Statements like these are the latest sign that Facebook has gotten into what Sophie Zhang, a former Facebook data scientist, described as a "siege mentality" at the company. Zhang last year accused the social network of ignoring fake accounts used to undermine foreign elections. With more whistleblowers—notably Haugen—coming forward, it's only gotten worse.
"Facebook has been going through a bit of an authoritarian narrative spiral, where it becomes less responsive to employee criticism, to internal dissent and in some cases cracks down upon it," said Zhang, who was fired from Facebook in the fall of 2020. "And this leads to more internal dissent."
"I have seen many colleagues that are extremely frustrated and angry, while at the same time, feeling powerless and (disheartened) about the current situation," one employee, whose name was redacted, wrote on an internal message board after Facebook decided last year to leave up incendiary posts by former President Donald Trump that suggested Minneapolis protesters could be shot. "My view is, if you want to fix Facebook, do it within."
This story is based in part on disclosures made to the Securities and Exchange Commission and provided to Congress in redacted form by Haugen's legal counsel.
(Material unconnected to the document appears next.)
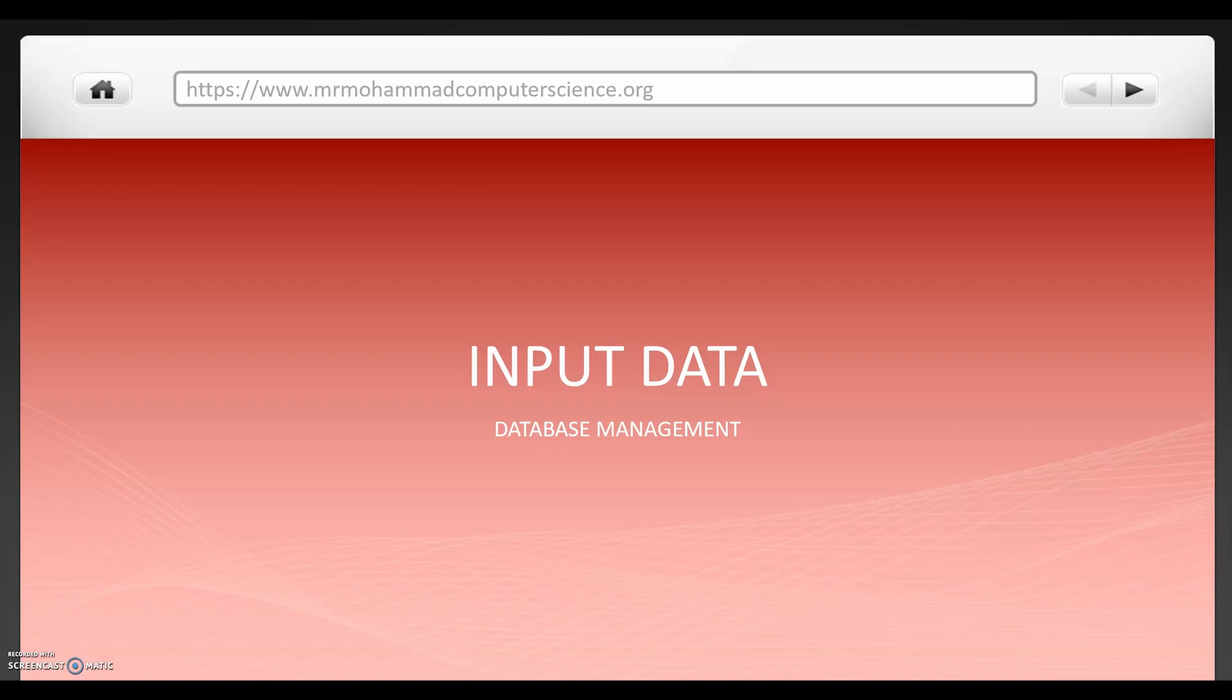Hello, welcome to this video on database management software. This is part of a series of videos where we look at all the skills you need to know for the database management software section of the GCSE ICT practical exam.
The redacted versions received by Congress were obtained by a consortium of news organizations, including The Associated Press.
They detail painstakingly collected data on problems as wide-ranging as the trafficking of domestic workers in the Middle East, an over-correction in crackdowns on Arabic content that critics say muzzles free speech while hate speech and abuse flourish, and rampant anti-vaccine misinformation that researchers found could have been easily tamped down with subtle changes in how users view posts on their feed.
The company insists it "does not conduct research and then systematically and willfully ignore it if the findings are inconvenient for the company." This claim, Facebook said in a statement, can "only be made by cherry-picking selective quotes from individual pieces of leaked material in a way that presents complex and nuanced issues as if there is only ever one right answer."
Haugen, who testified before the Senate this month that Facebook's products "harm children, stoke division and weaken our democracy," said the company should declare "moral bankruptcy" if it is to move forward from all this.
At this stage, that seems unlikely. There is a deep-seated conflict between profit and people within Facebook—and the company does not appear to be ready to give up on its narrative that it's good for the world even as it regularly makes decisions intended to maximize growth.
"Facebook did regular surveys of its employees—what percentage of employees believe that Facebook is making the world a better place," Zhang recalled.
"It was around 70 percent when I joined. It was around 50 percent when I left," said Zhang, who was at the company for more than two years before she was fired in the fall of 2020.